Nel suo viaggio a Zagabria la premier Meloni ha fatto il punto anche con il primo ministro croato Andrej Plenkovic, per rafforzare il partenariato strategico tra i due Paesi con l’obiettivo di contenere i flussi migratori in maniera sempre più efficace. A Zagabria erano presenti anche il maltese Robert Abela, il polacco Mateusz Morawiecki e il presidente del Consiglio europeo Charles Michel, che durante il vertice di Granada invitò i 27 capi di Stato e di governo a dialogare per poter strutturare l’Agenda strategica 2024-2029, mettendo nero su bianco un nuovo modello di intervento anche a proposito di flussi migratori.
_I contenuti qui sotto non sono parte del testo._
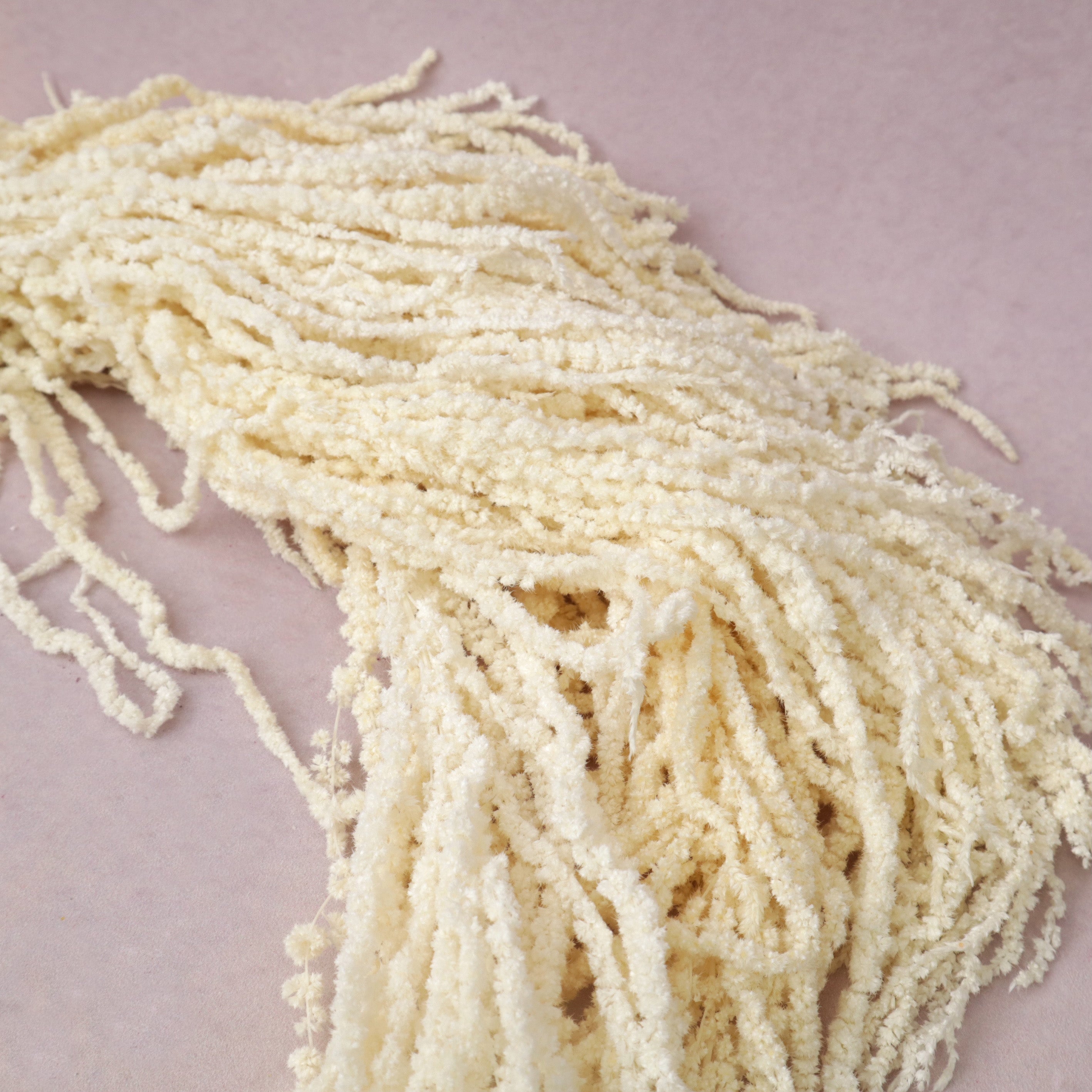 Amaranthus Cream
La premier Meloni ha ovviamente tenuto il punto per quanto riguarda l’accordo tra Roma e Tirana, nonostante polemiche e perplessità provenienti da più parti (anche da parte di Tirana). Giorgia Meloni di fatto ritiene che l’accordo italo-albanese sia “un modello per il futuro”, forte del sostegno del tedesco Olaf Scholz e anche il governo croato sostiene la necessità di porre attenzione alla “dimensione esterna della migrazione”, con particolare riferimento alla rotta balcanica occidentale. In effetti la recente introduzione di nuovi controlli non ha placato l’afflusso dei migranti che, al contrario, risultano aumentati del 3% rispetto allo scorso anno. Ciò chiarisce perché sia una questione di “prioritario interesse” per i vari leader riuniti. A Zagabria Meloni ha in definitiva rilanciato le sue priorità: migrazioni, investimenti e allargamento dell’Unione europea con l’auspicio che diventi “un gigante politico e non burocratico”.
La questione legata ai flussi migratori risulta essere di sicuro urgente anche nel dibattito interno, tantoché per il governo italiano l’Ue dovrebbe adottare il nuovo patto di Asilo e migrazione prima delle Elezioni europee di giugno, rafforzando nel contempo l’impegno economico “per prevenire le partenze irregolari, rafforzare le frontiere esterne, combattere i trafficanti, migliorare il sistema dei rimpatri e ampliare i canali di migrazione illegale”.
Palazzo Chigi tende a diffondere il format del memorandum d’intesa nonostante il mancato successo con la Tunisia. Il governo italiano spinge affinché la Commissione europea reiteri l’esperimento tunisino in altri Paesi del continente africano, ad esempio Egitto, Costa d’Avorio, Guinea, Senegal, Gambia e Mauritania. Per la Croazia, nello specifico, nel 2022 l’Italia è stata il primo partner commerciale, registrando un interscambio pari a 8,2 miliardi di euro e un saldo positivo pari a 2,7 miliardi.